(DATA SHOWN Opens)
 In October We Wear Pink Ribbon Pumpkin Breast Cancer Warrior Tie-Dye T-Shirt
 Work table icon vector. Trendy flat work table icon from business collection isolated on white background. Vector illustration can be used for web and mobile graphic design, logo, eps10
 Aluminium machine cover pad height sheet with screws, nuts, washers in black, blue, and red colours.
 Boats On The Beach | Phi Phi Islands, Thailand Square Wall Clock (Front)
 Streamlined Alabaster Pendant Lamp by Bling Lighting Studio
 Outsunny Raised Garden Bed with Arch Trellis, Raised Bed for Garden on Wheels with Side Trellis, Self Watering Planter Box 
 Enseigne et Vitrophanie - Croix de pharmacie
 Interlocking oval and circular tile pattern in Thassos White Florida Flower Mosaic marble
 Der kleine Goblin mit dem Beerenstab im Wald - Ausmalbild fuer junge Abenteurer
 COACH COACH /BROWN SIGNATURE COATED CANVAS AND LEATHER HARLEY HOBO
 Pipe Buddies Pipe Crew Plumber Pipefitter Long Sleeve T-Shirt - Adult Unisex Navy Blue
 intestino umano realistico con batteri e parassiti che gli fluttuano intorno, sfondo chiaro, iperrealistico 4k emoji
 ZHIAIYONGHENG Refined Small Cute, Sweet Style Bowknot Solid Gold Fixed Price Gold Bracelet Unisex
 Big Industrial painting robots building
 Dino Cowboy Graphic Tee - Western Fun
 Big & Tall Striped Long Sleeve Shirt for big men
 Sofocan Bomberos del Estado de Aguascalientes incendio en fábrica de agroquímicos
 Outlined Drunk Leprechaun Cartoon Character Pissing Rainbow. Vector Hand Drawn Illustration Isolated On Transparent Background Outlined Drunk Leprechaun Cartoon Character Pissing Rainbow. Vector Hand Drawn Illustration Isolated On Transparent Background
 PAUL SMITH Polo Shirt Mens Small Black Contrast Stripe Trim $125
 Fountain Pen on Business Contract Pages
(DATA SHOWN Closes)
→ DESCRIPTION OF THE TASK: After locating the line that holds "Enseigne et Vitrophanie - Croix de pharmacie", print it and each line after it through the end of the data, exactly as it stands.

→ SOLUTION TO THIS PROBLEM:
 Enseigne et Vitrophanie - Croix de pharmacie
 Interlocking oval and circular tile pattern in Thassos White Florida Flower Mosaic marble
 Der kleine Goblin mit dem Beerenstab im Wald - Ausmalbild fuer junge Abenteurer
 COACH COACH /BROWN SIGNATURE COATED CANVAS AND LEATHER HARLEY HOBO
 Pipe Buddies Pipe Crew Plumber Pipefitter Long Sleeve T-Shirt - Adult Unisex Navy Blue
 intestino umano realistico con batteri e parassiti che gli fluttuano intorno, sfondo chiaro, iperrealistico 4k emoji
 ZHIAIYONGHENG Refined Small Cute, Sweet Style Bowknot Solid Gold Fixed Price Gold Bracelet Unisex
 Big Industrial painting robots building
 Dino Cowboy Graphic Tee - Western Fun
 Big & Tall Striped Long Sleeve Shirt for big men
 Sofocan Bomberos del Estado de Aguascalientes incendio en fábrica de agroquímicos
 Outlined Drunk Leprechaun Cartoon Character Pissing Rainbow. Vector Hand Drawn Illustration Isolated On Transparent Background Outlined Drunk Leprechaun Cartoon Character Pissing Rainbow. Vector Hand Drawn Illustration Isolated On Transparent Background
 PAUL SMITH Polo Shirt Mens Small Black Contrast Stripe Trim $125
 Fountain Pen on Business Contract Pages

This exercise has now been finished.